## [WHAT THE EXERCISE ASKS]
The expected answer is the data below, printed verbatim without its pictures.

## [PROVIDED MATERIAL]
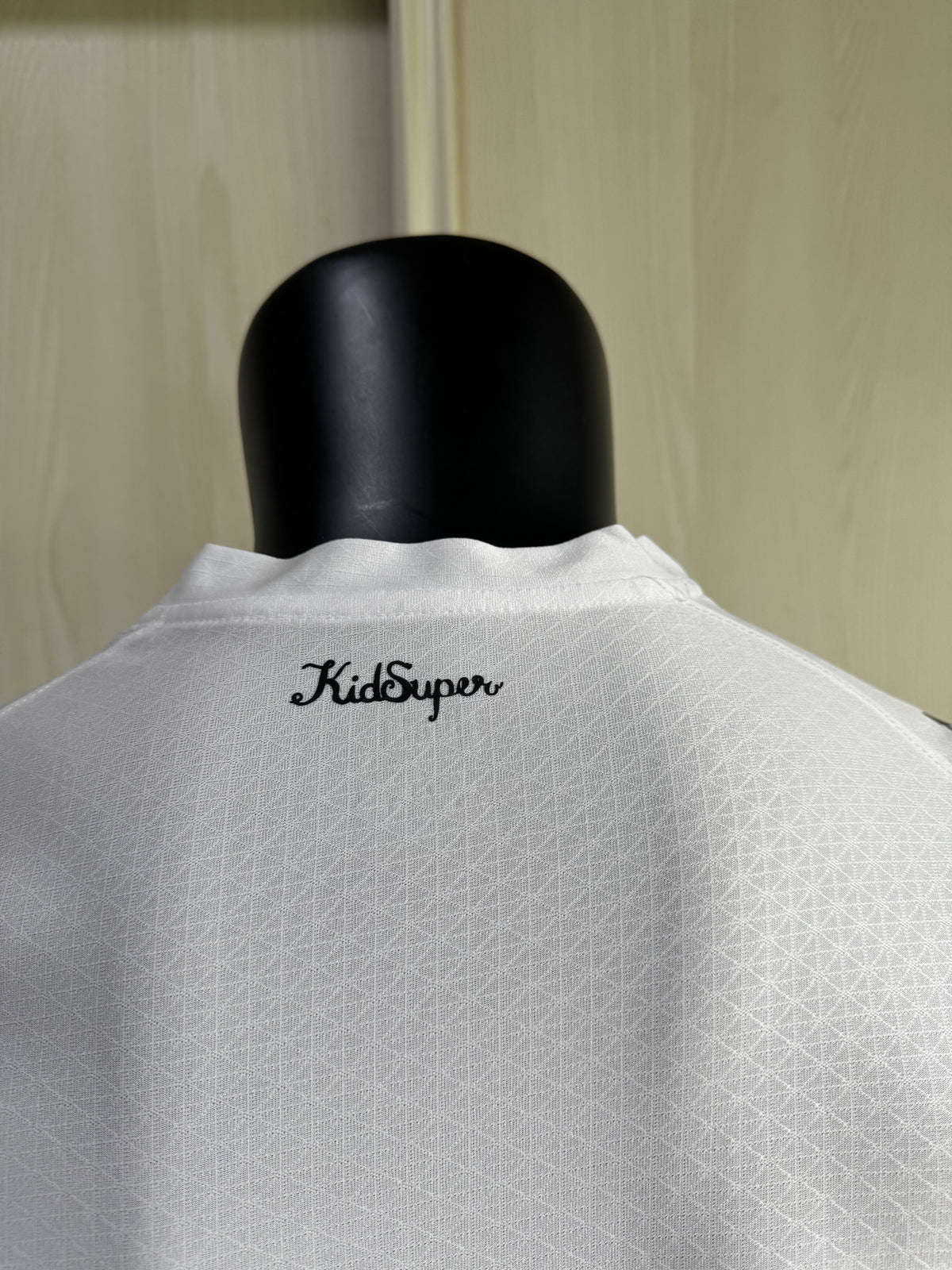 Camisa Manchester City White Stripe Edition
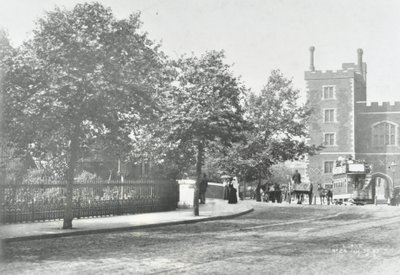Lambeth Bridge: Zufahrtsstraße mit Lambeth Palace im Hintergrund, 1897 von English Photographer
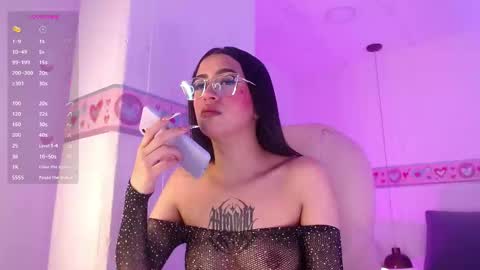 Snapshot of keily_gh1 chatting on 03-02-25, 04:39 KEILY  online show from 03-02-25, 04:39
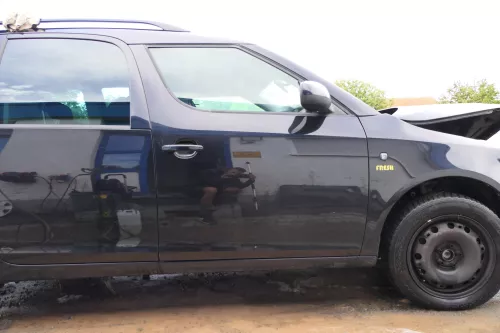 Skoda Roomster 5J Tür vorne rechts Beifahrertür schwarz LF9R (ohne Anbauteile)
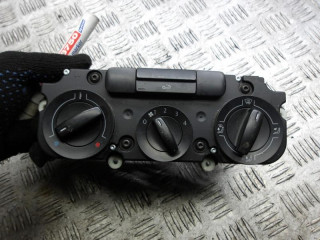 блок управления печки / климат-контроля Volkswagen Caddy 2 поколение 2004, 2.0 л., дизель, МКПП, минивэн, BN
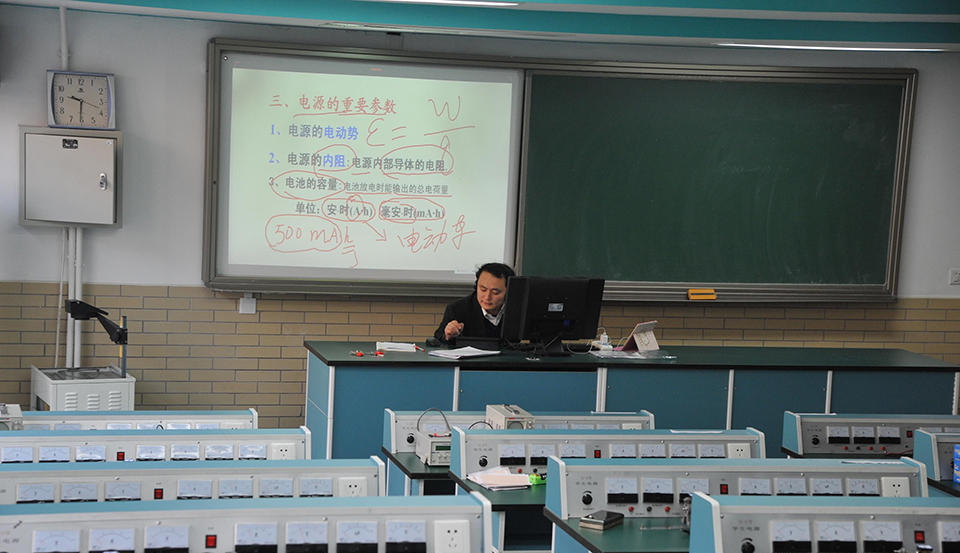 Alunos que ficaram em casa por causa da polui??o do ar assistem aula pela internet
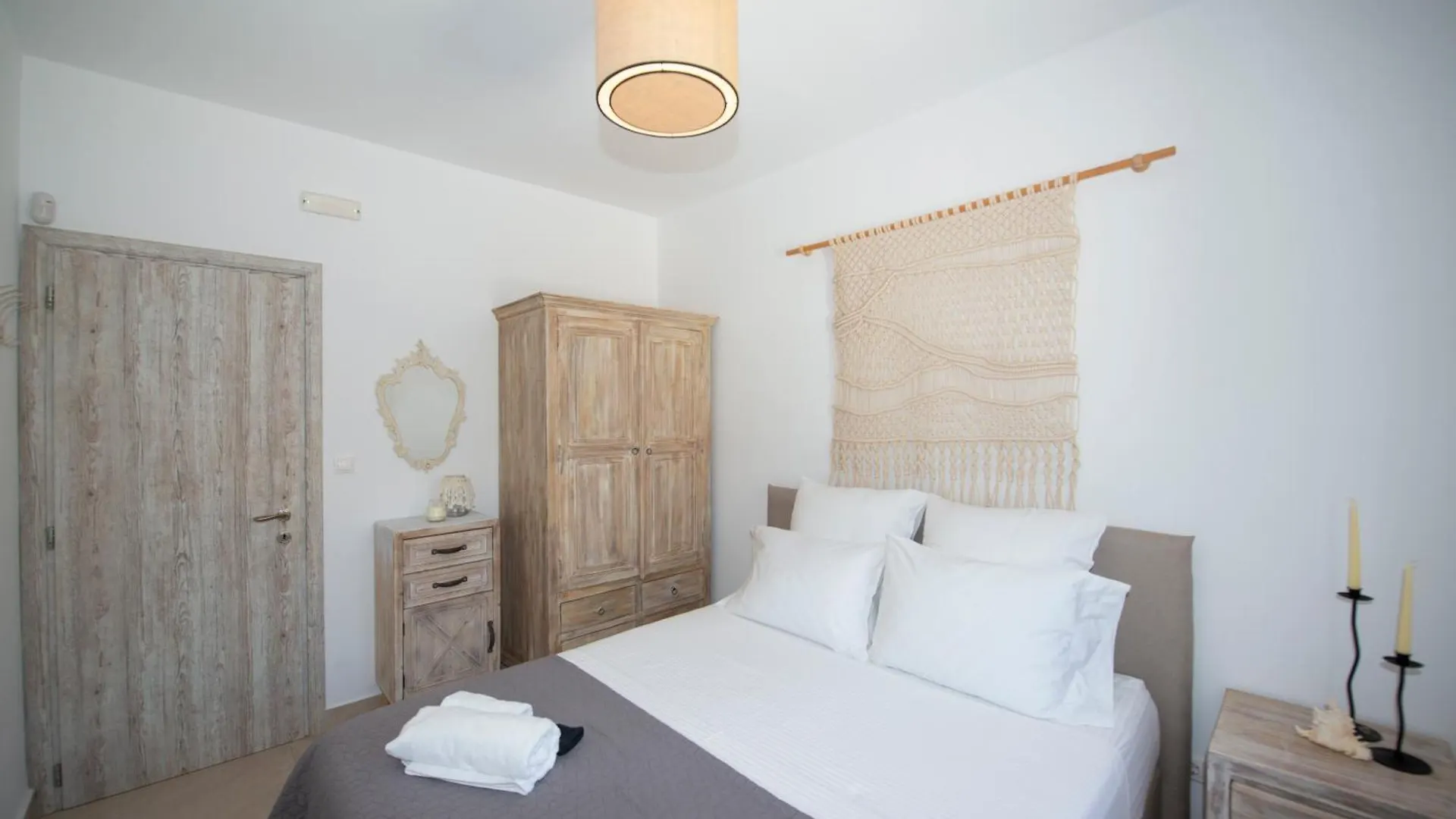 Cocos Villa Super Paradise Beach  Greece
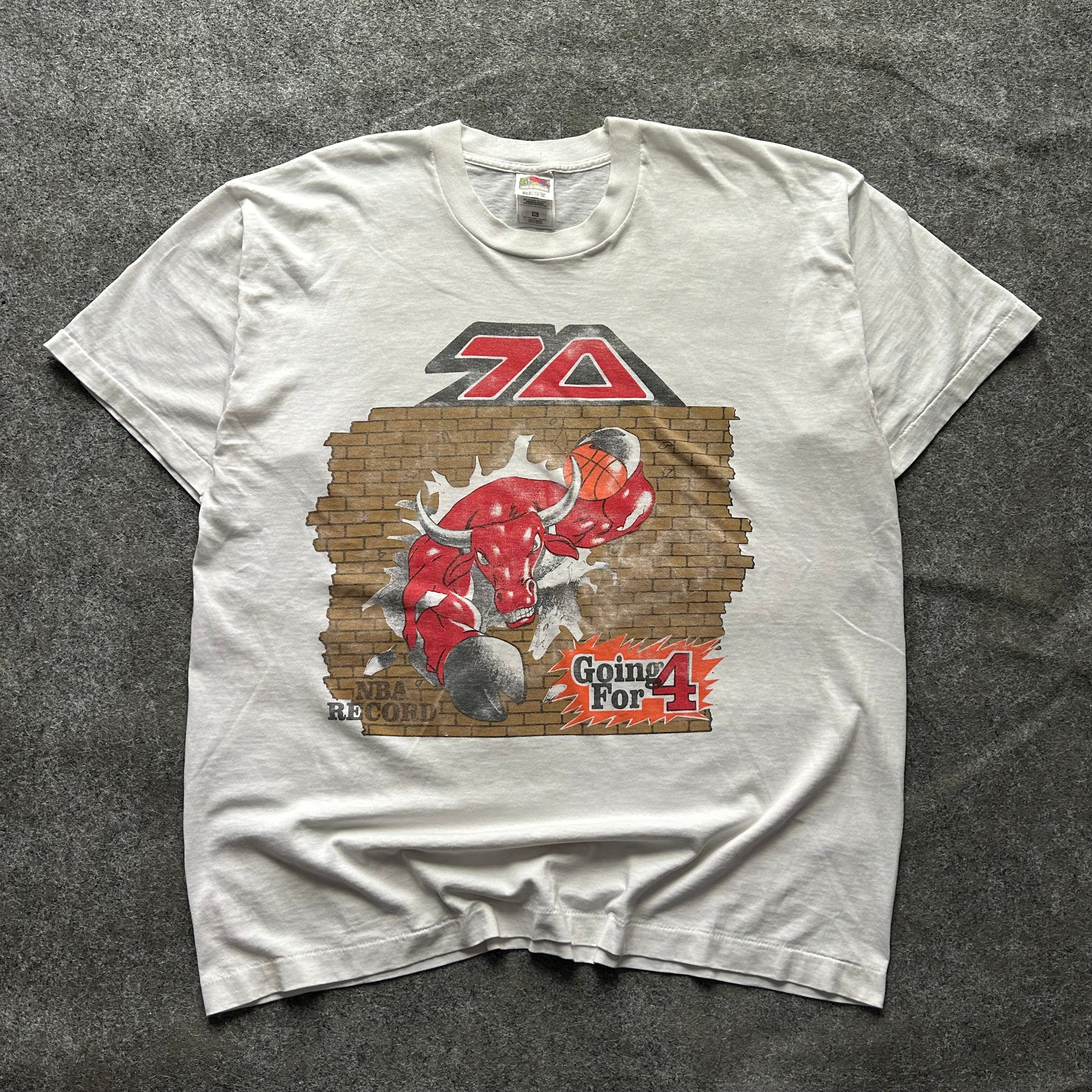 Vintage Chicago Bulls NBA Record Break Through T-shirt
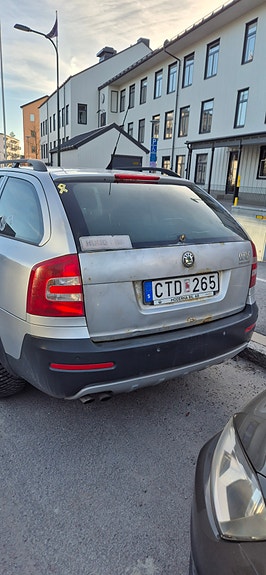 Skoda Octavia Scout 3 of 5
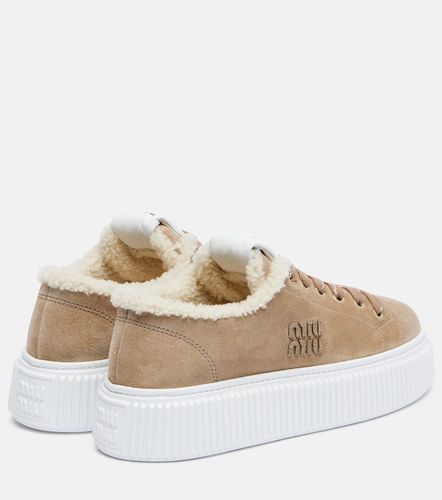 Baskets à plateforme en daim et shearling - Miu Miu - Modalova
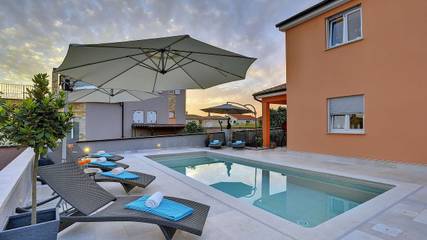 Villa for 6 People in Pula, Pula-Medulin, Photo 1
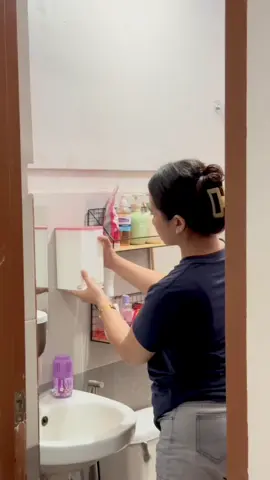 hindi na hassle sa pagkuha ng sanitary pads dahil may organizer na #sanitarynapkin #organizer #bathroomorganization 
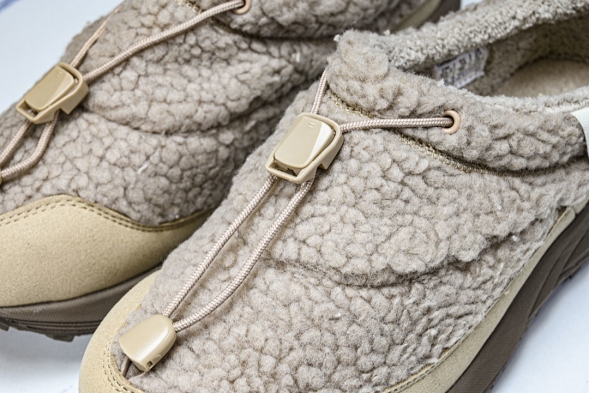 Asics Gel-Sonoma WT Teddy Fur 1203B036-200  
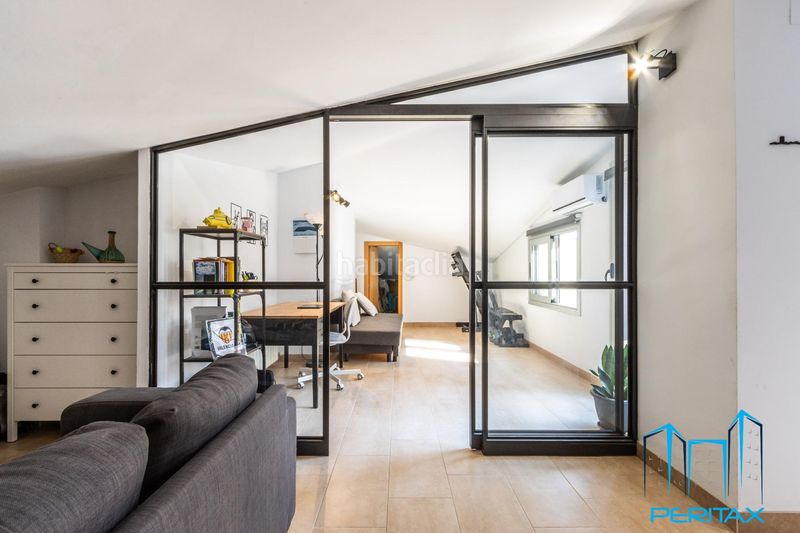 Foto b28655d7-8ef6-4b76-a601-aa9bb62ffbc1. Penthouse with heating parking in Covadonga Sabadell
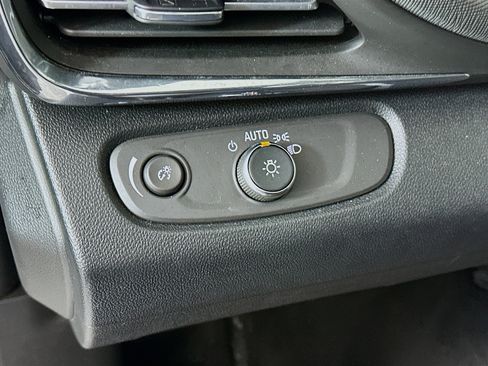 Used 2025 Buick Envista Preferred image 17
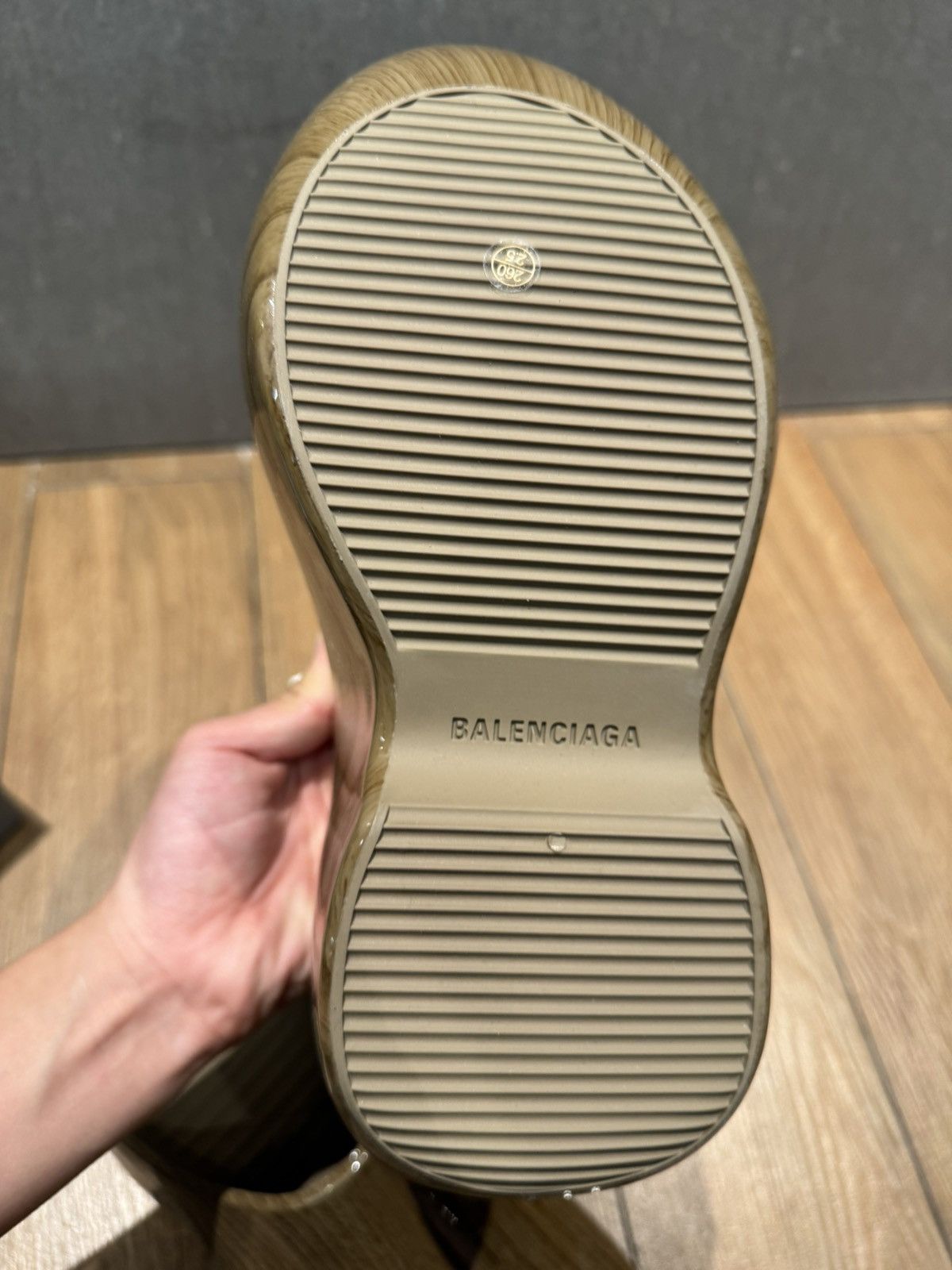 Balenciaga Balenciaga rubber shoes Wood Techno rubber clog Size US 9.5 / EU 42-43 - 9 Thumbnail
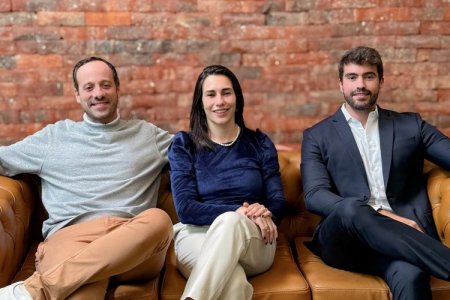Brasileña XP y peruana Zest firman alianza para ampliar los servicios de inversión en Latinoamérica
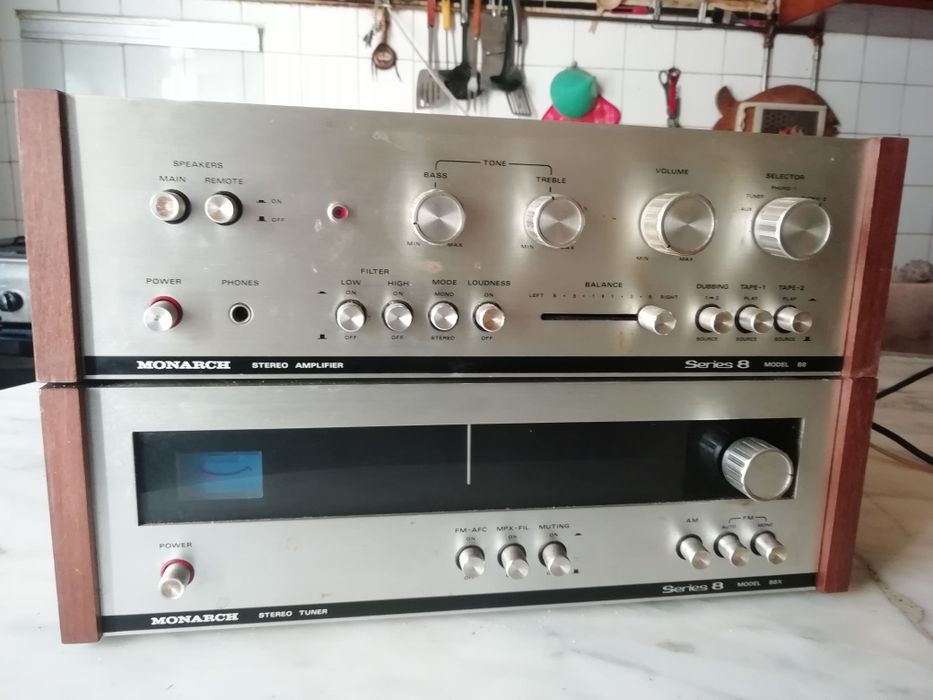 Amplificador e Stereo Tuner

## [FINISHED EXERCISE]
 Camisa Manchester City White Stripe Edition
Lambeth Bridge: Zufahrtsstraße mit Lambeth Palace im Hintergrund, 1897 von English Photographer
 Snapshot of keily_gh1 chatting on 03-02-25, 04:39 KEILY  online show from 03-02-25, 04:39
 Skoda Roomster 5J Tür vorne rechts Beifahrertür schwarz LF9R (ohne Anbauteile)
 блок управления печки / климат-контроля Volkswagen Caddy 2 поколение 2004, 2.0 л., дизель, МКПП, минивэн, BN
 Alunos que ficaram em casa por causa da polui??o do ar assistem aula pela internet
 Cocos Villa Super Paradise Beach  Greece
 Vintage Chicago Bulls NBA Record Break Through T-shirt
 Skoda Octavia Scout 3 of 5
 Baskets à plateforme en daim et shearling - Miu Miu - Modalova
 Villa for 6 People in Pula, Pula-Medulin, Photo 1
 hindi na hassle sa pagkuha ng sanitary pads dahil may organizer na #sanitarynapkin #organizer #bathroomorganization 
 Asics Gel-Sonoma WT Teddy Fur 1203B036-200  
 Foto b28655d7-8ef6-4b76-a601-aa9bb62ffbc1. Penthouse with heating parking in Covadonga Sabadell
 Used 2025 Buick Envista Preferred image 17
 Balenciaga Balenciaga rubber shoes Wood Techno rubber clog Size US 9.5 / EU 42-43 - 9 Thumbnail
Brasileña XP y peruana Zest firman alianza para ampliar los servicios de inversión en Latinoamérica
 Amplificador e Stereo Tuner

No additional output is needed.